7.2.3 Additional Logical functions
R has lots of special functions that take vectors as arguments, and return logical vectors based on multiple criteria. For example, you can use the is.na()
function to test which values of a vector are missing. Table 7.1 contains some that I frequently use:
Function | Description | Example | Result |
---|---|---|---|
is.na(x) |
Which values in x are NA? | is.na(c(2, NA, 5)) |
FALSE, TRUE, FALSE |
is.finite(x) |
Which values in x are numbers? | is.finite(c(NA, 89, 0)) |
FALSE, TRUE, TRUE |
duplicated(x) |
Which values in x are duplicated? | duplicated(c(1, 4, 1, 2)) |
FALSE, FALSE, TRUE, FALSE |
which(x) |
Which values in x are TRUE? | which(c(TRUE, FALSE, TRUE)) |
1, 3 |
Logical vectors aren’t just good for indexing, you can also use them to figure out which values in a vector satisfy some criteria. To do this, use the function which()

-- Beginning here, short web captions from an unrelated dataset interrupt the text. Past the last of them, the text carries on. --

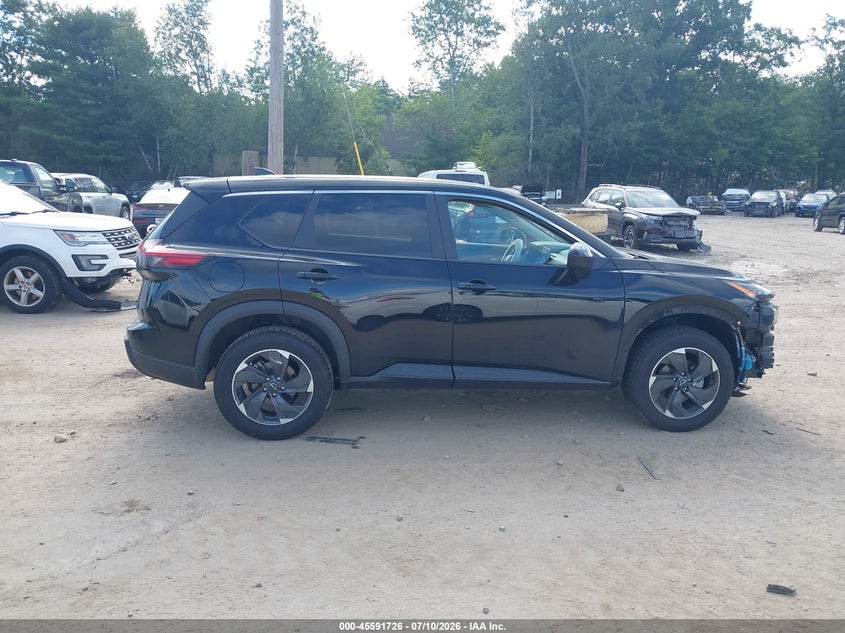 NISSAN ROGUE 2025 VIN 5N1BT3BB9SC815441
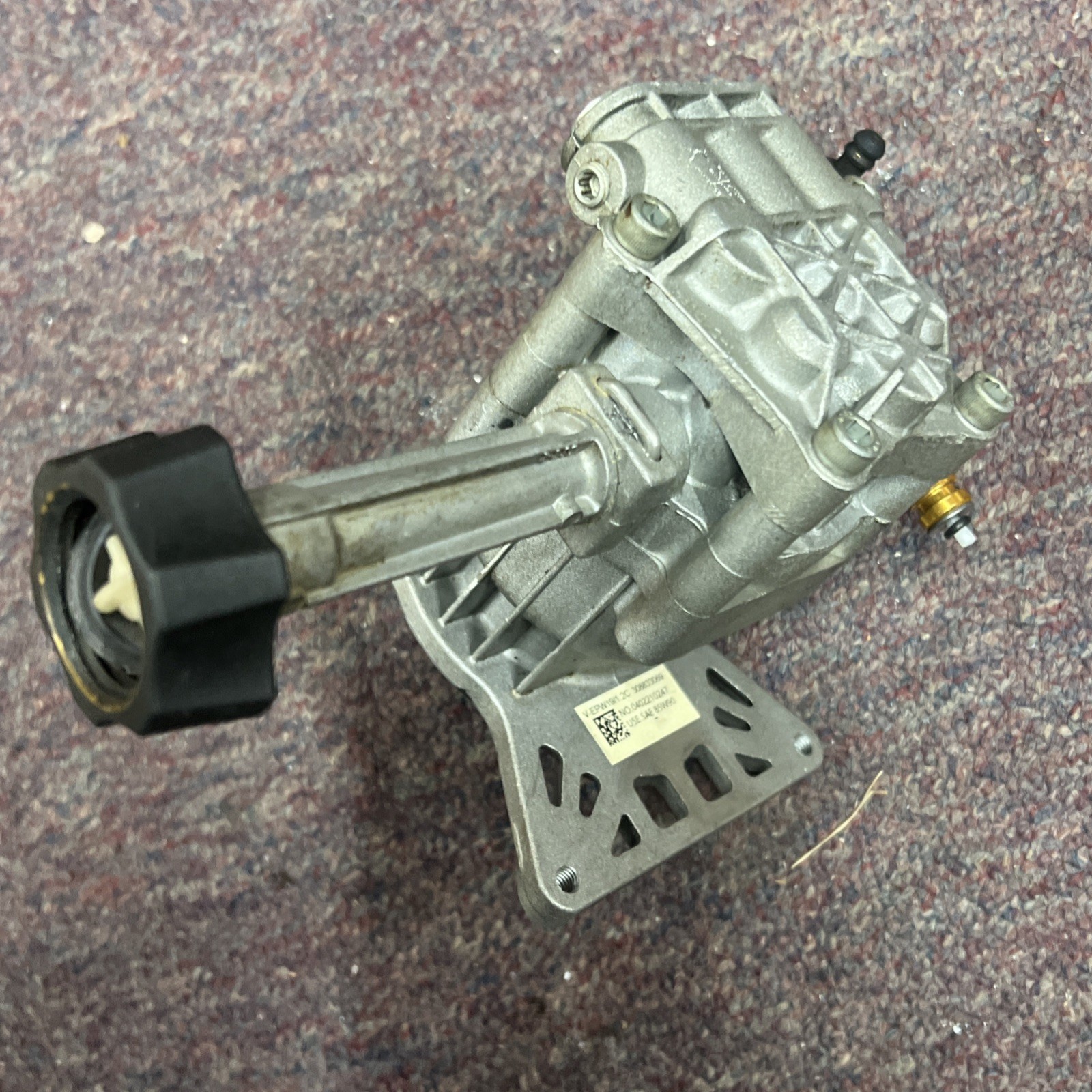 Ryobl Electric Pressure Washer RY141612VNM Gear Cover Crankcase Assembly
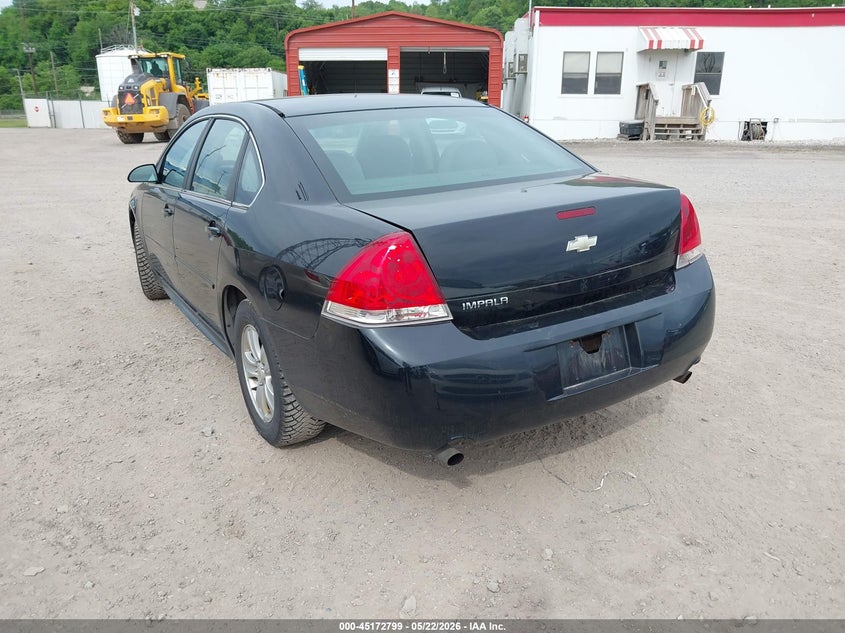 Vin: 2g1wf5e30c1202346, lot: 45670485, chevrolet impala ls 20123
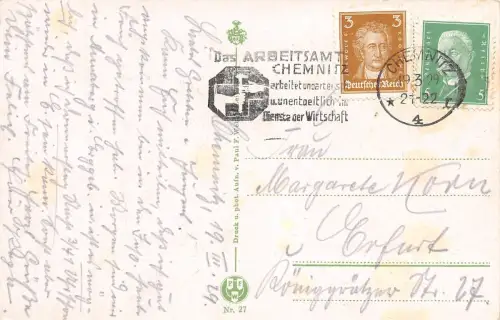 Chemnitz Neues Rathaus gl1929 192.552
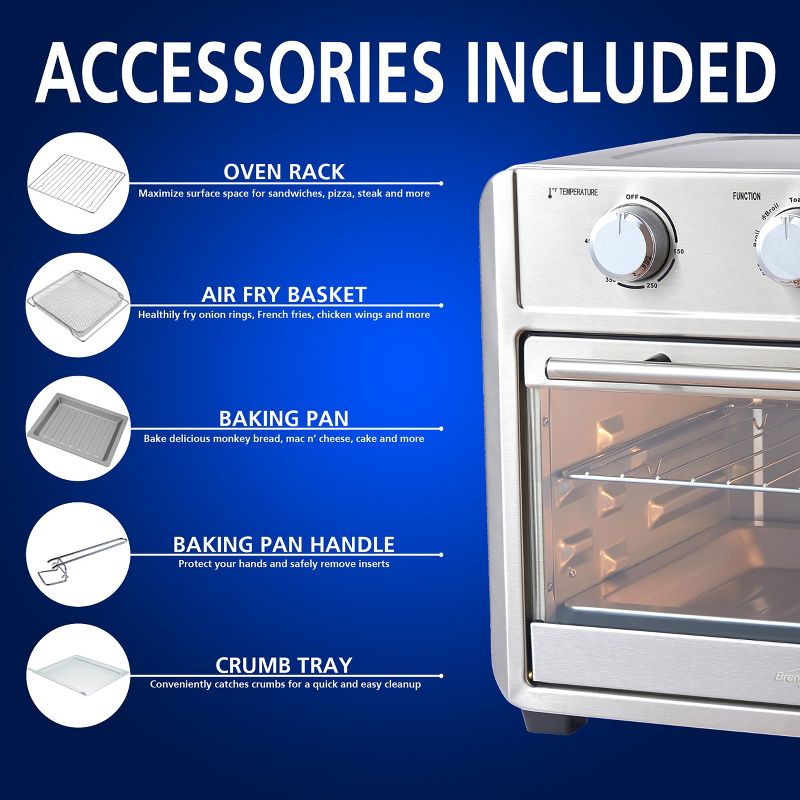 Hamilton Beach 4 Slice Toaster Oven - Stainless Steel 31401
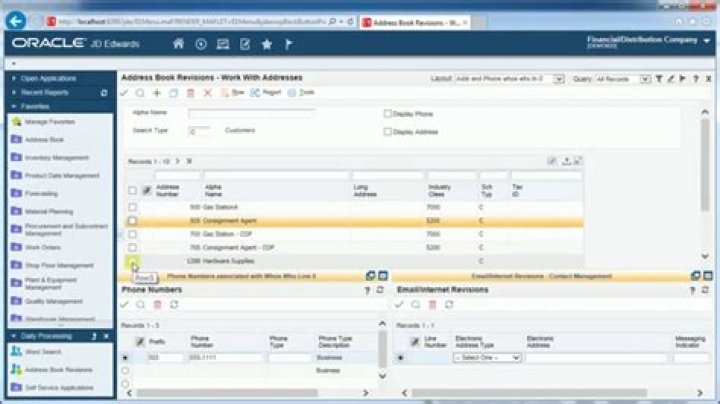 Is JDE web based?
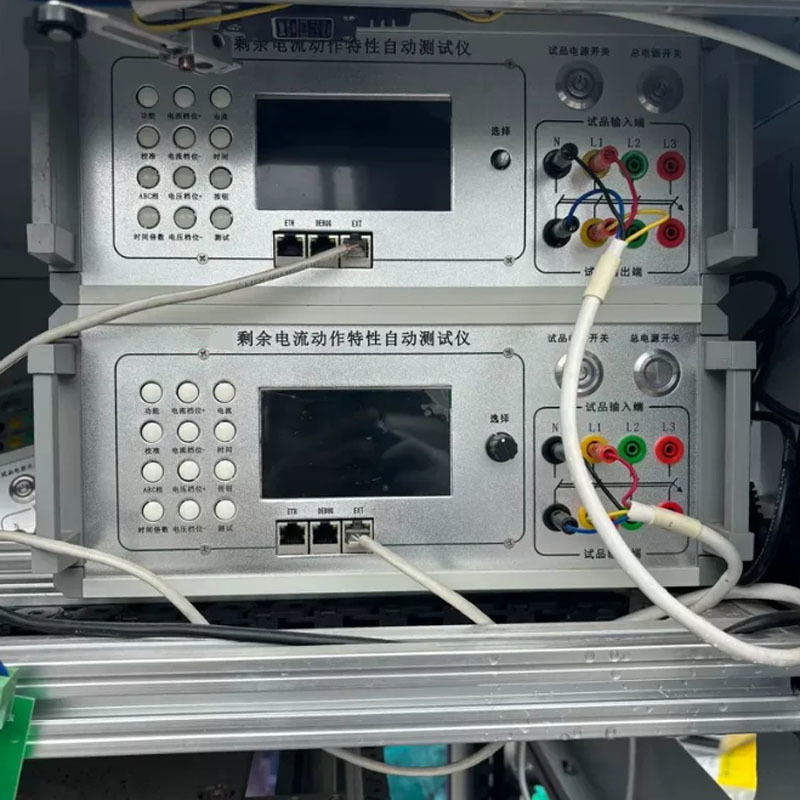 IEC 61009-1 Residual Current Protector Device Action Characteristic Tester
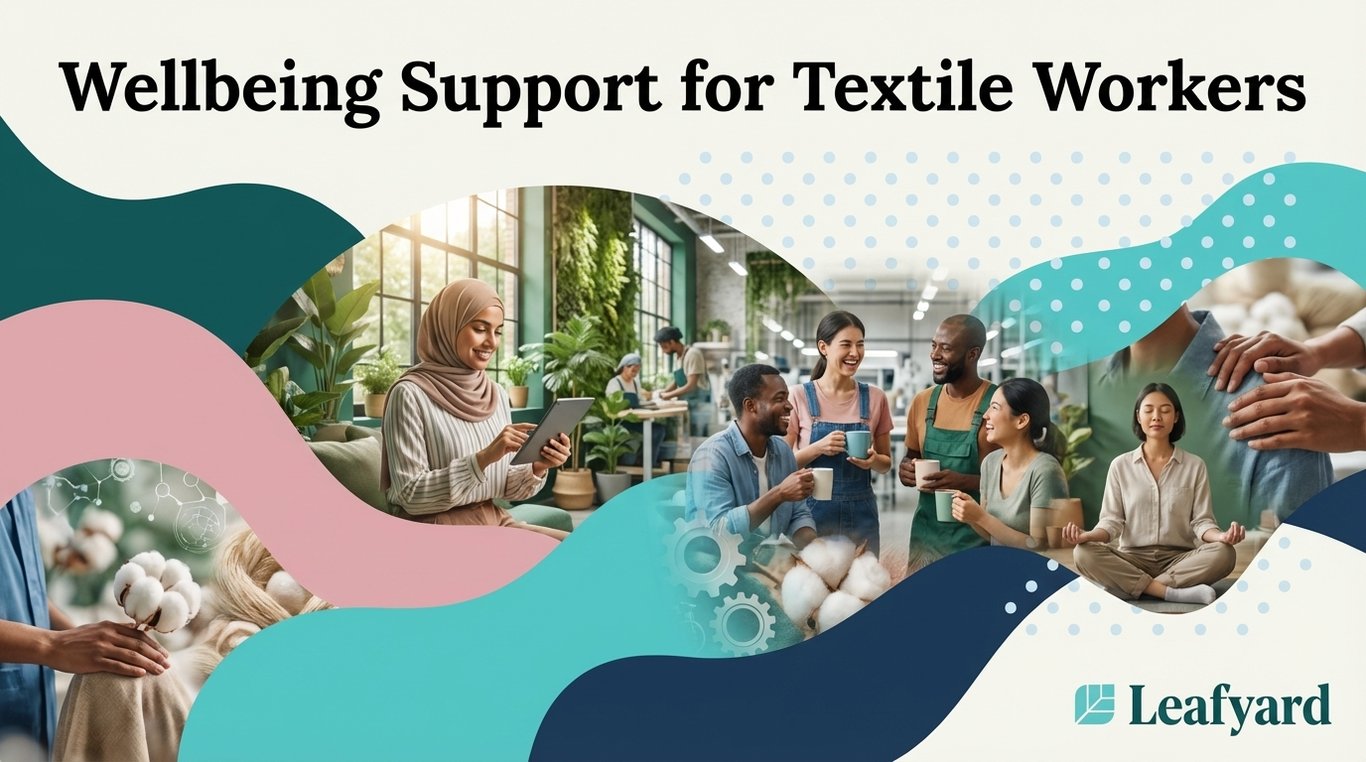 Wellbeing Support for Textile Workers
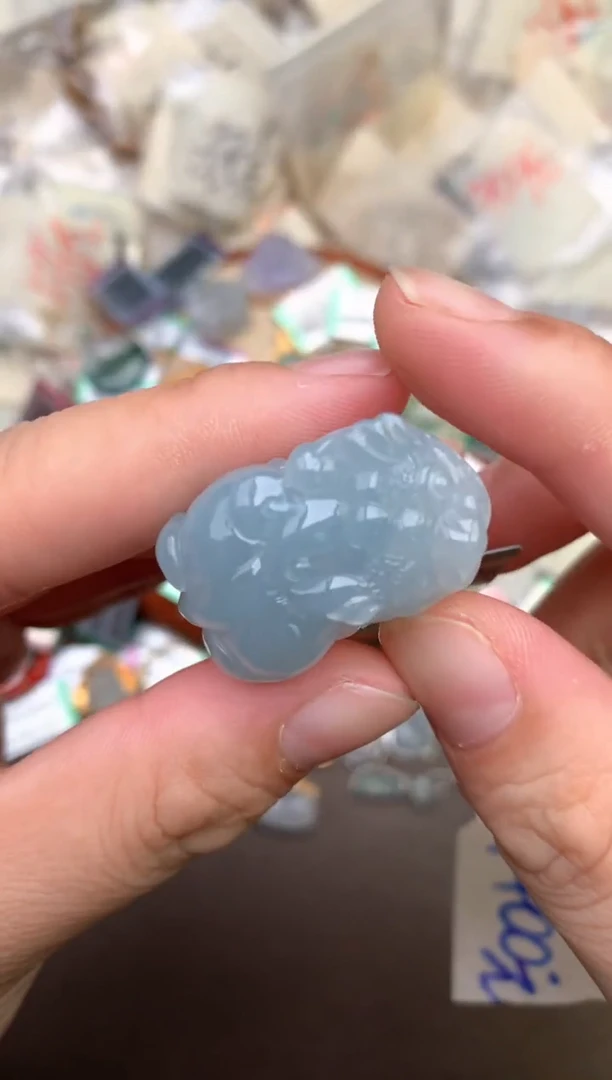 未镶嵌挂件翡翠一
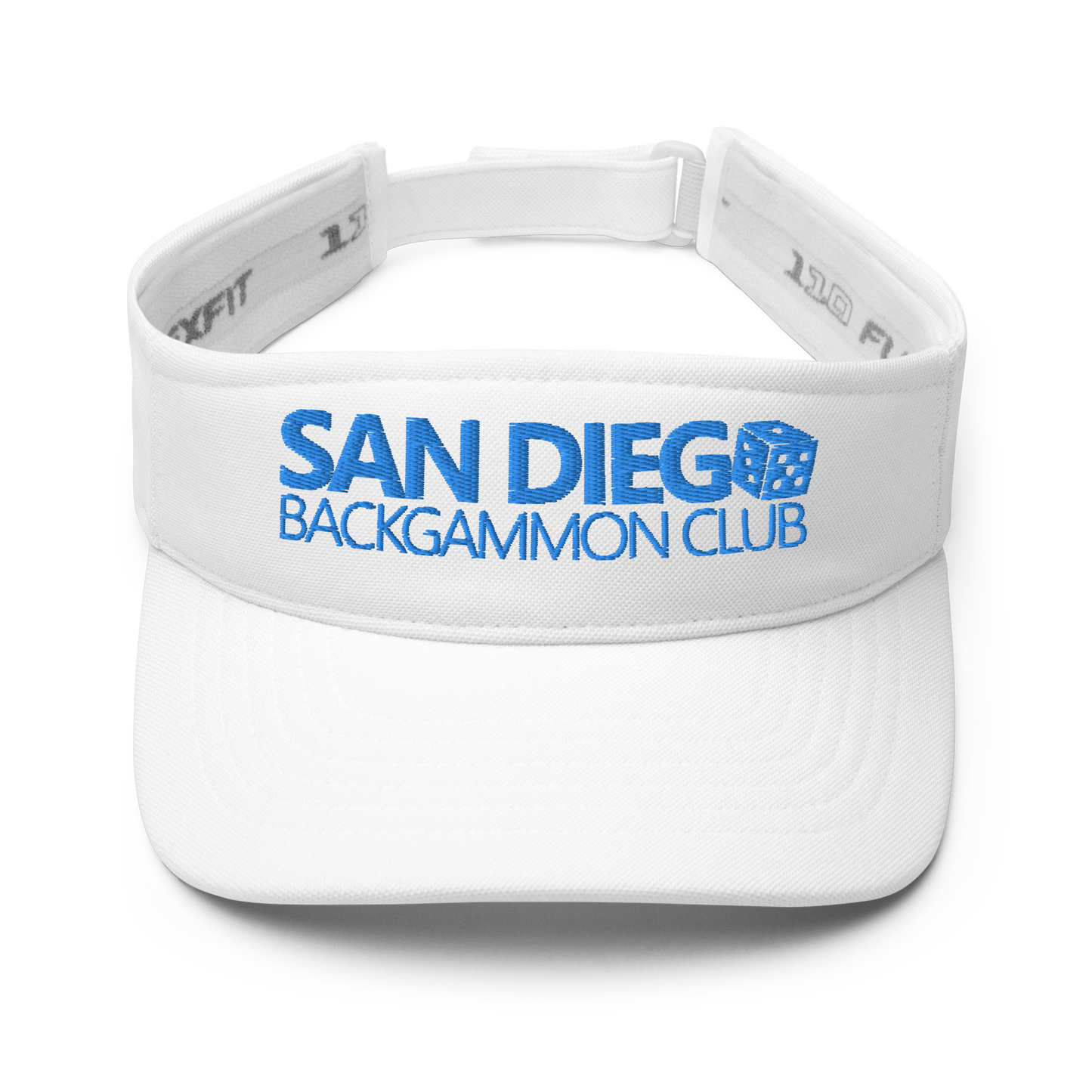 SAN DIEGO BACKGAMMON CLUB Visor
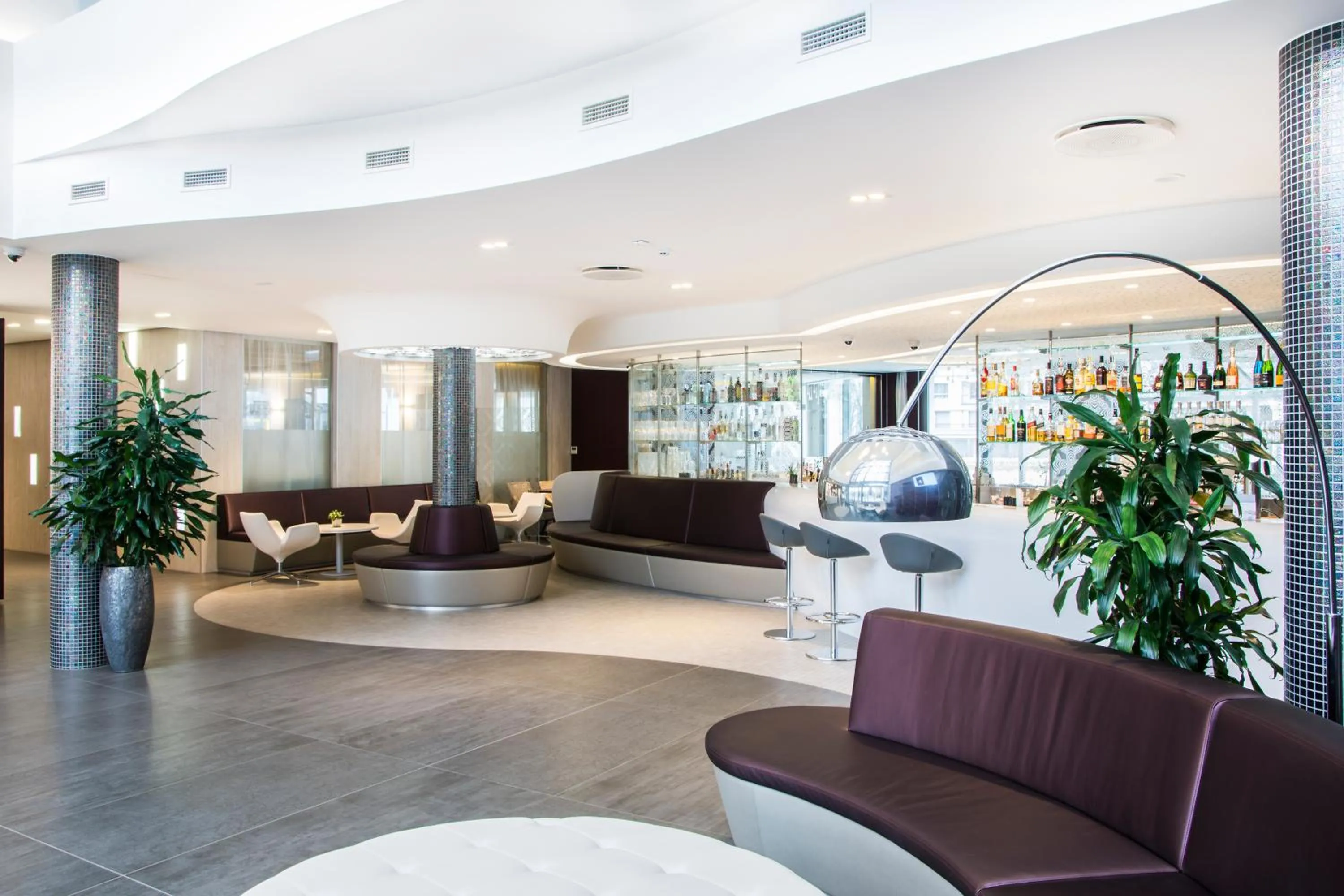 Lounge or bar in Aura Hotel Adults Only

. If you apply the function which()
to a logical vector, R will tell you which values of the index are TRUE. For example:
# A vector of sex information
sex <- c("m", "m", "f", "m", "f", "f")
# Which values of sex are m?
which(sex == "m")
## [1] 1 2 4
# Which values of sex are f?
which(sex == "f")
## [1] 3 5 6